# Is it worth setting up a trade/contractor account with vendors for woodworkers?



## wilschroter (Dec 17, 2016)

I'm going to be doing some large projects but have always purchased my supplies at retail. Is there any meaningful discount to contractors vs. anyone off the street and how do I typically take advantage of that? Where do I start?


----------



## wapakfred (Jul 29, 2011)

I am a hobbyist only, yet I still set myself up as a business at my hardwood supplier because of the 25% cheaper price I get on hardwood. But that's the only place I've done so. Many contractor discounts are less than that, and some places want to see any state lecenes you may have to hold to be a contractor. So I think it varies widely depending on where you live and what supplier policies exist with your chosen vendors.


----------



## CaptainKlutz (Apr 23, 2014)

Yes, it can be worth having business/jobber accounts. Availability and discounts depend on the business, requirements, and total spend per year. Get best jobber discounts on finishing supplies, and equipment. Lowest discounts on lumber, or from pure retail businesses (like Woodcraft/Rockler).

Some will not require a business account if you are consistent customer with high spend rates paying cash. I have cash jobber/contractor accounts with most finishing suppliers (SW, Mohawk, Benjamin Moore, PPG) as they require one to get discounts, and for their legal protection for proper use of solvents.
Some will not set up business account with best discounts; without a credit check (for net 30 payment terms) and sales tax exemption from local tax authority. BTW - should have a sales tax exemption certificate if you are selling your products. No reason to add local sales tax to materials cost for products you mfg and sell. Just remember to collect the sales tax on stuff you sell.


----------



## JAAune (Jan 22, 2012)

Supplier selection is very important and if you're spending enough to "graduate" from buying retail, it's definitely worth checking out. Besides possible discounts, you might also qualify for cheap or free delivery. It also opens the door to suppliers that only do business on a net/30 basis.

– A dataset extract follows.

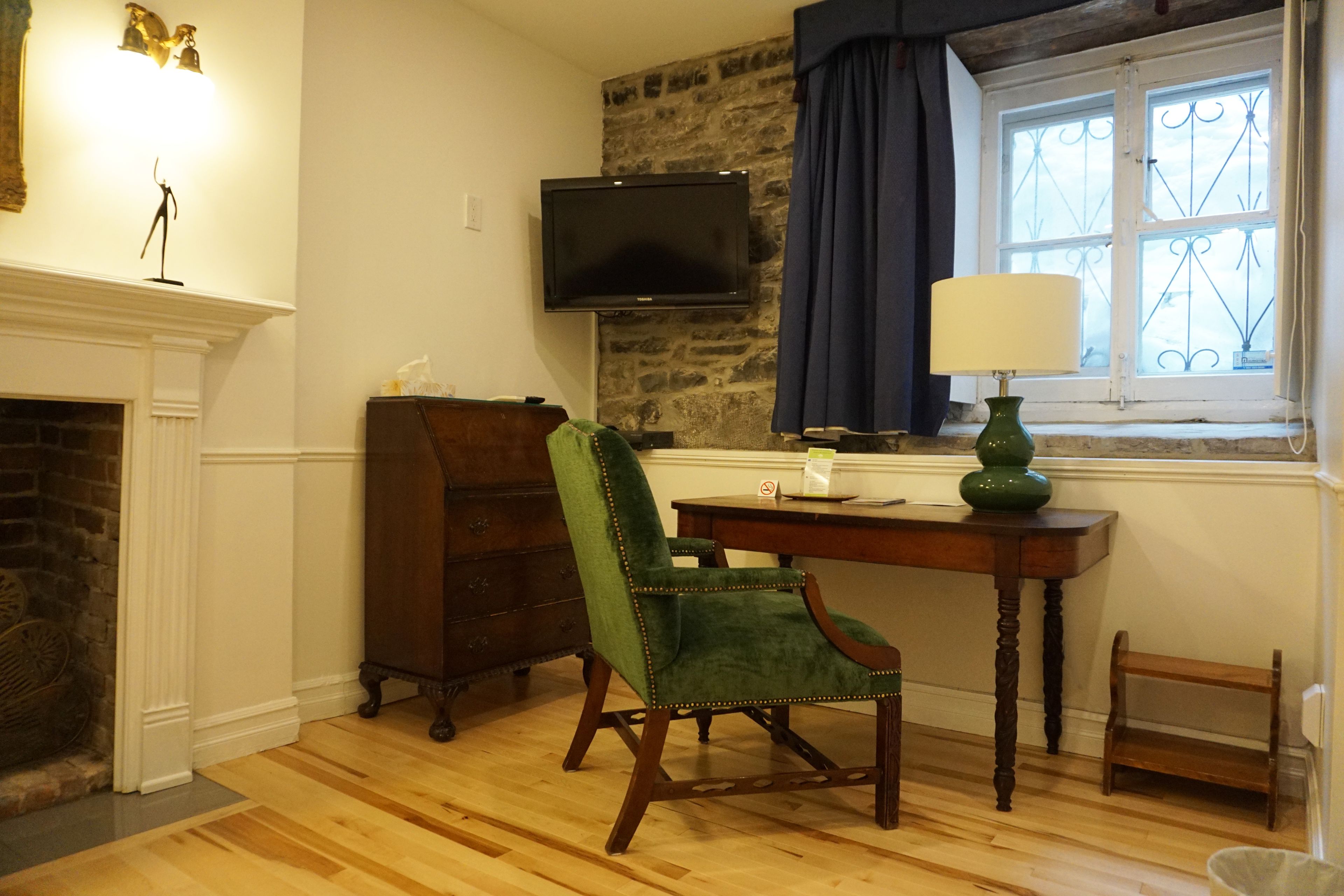 chambre semi sous-sol  1 grand lit | premium bedding, individually decorated, individually furnished, desk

Over the years I've slowly replaced and consolidated suppliers. I'm looking for faster and cheaper delivery, reliable inventory and stable product lines. The end result is doing less business with retailers and more with commercial suppliers.


----------



## Unknowncraftsman (Jun 23, 2013)

I think so. I keep a good feel relationship with my wood mongers. They keep track of what I buy and how much they charged me. If you haven’t figured it out yet everything thing from tallying the wood to bft costs are negotiable.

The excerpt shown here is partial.